- [DESCRIPTION OF THE TASK] Every entry below is to be returned unchanged. Images are not part of the copy.

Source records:
[Start of Attachment]

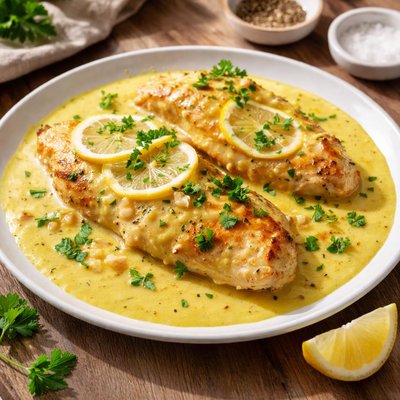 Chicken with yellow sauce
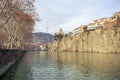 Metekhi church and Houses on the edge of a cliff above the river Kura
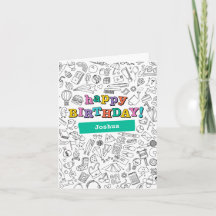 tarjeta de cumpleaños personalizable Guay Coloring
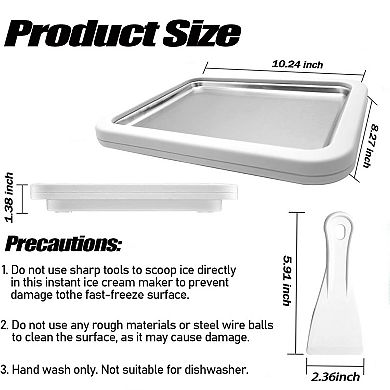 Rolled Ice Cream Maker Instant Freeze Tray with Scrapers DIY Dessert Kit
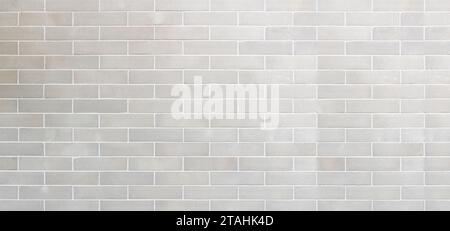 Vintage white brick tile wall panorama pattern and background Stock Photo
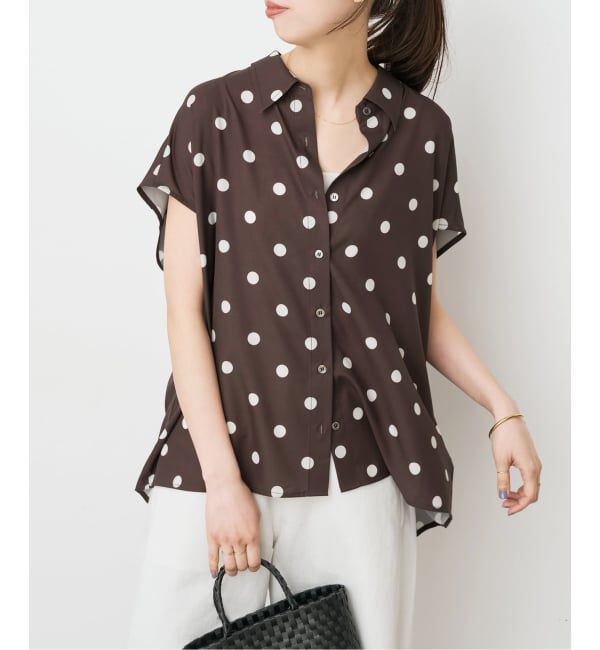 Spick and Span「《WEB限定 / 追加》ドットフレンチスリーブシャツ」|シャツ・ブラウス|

[End of Attachment]

- [TASK OUTPUT]
 Chicken with yellow sauce
 Metekhi church and Houses on the edge of a cliff above the river Kura
 tarjeta de cumpleaños personalizable Guay Coloring
 Rolled Ice Cream Maker Instant Freeze Tray with Scrapers DIY Dessert Kit
 Vintage white brick tile wall panorama pattern and background Stock Photo
 Spick and Span「《WEB限定 / 追加》ドットフレンチスリーブシャツ」|シャツ・ブラウス|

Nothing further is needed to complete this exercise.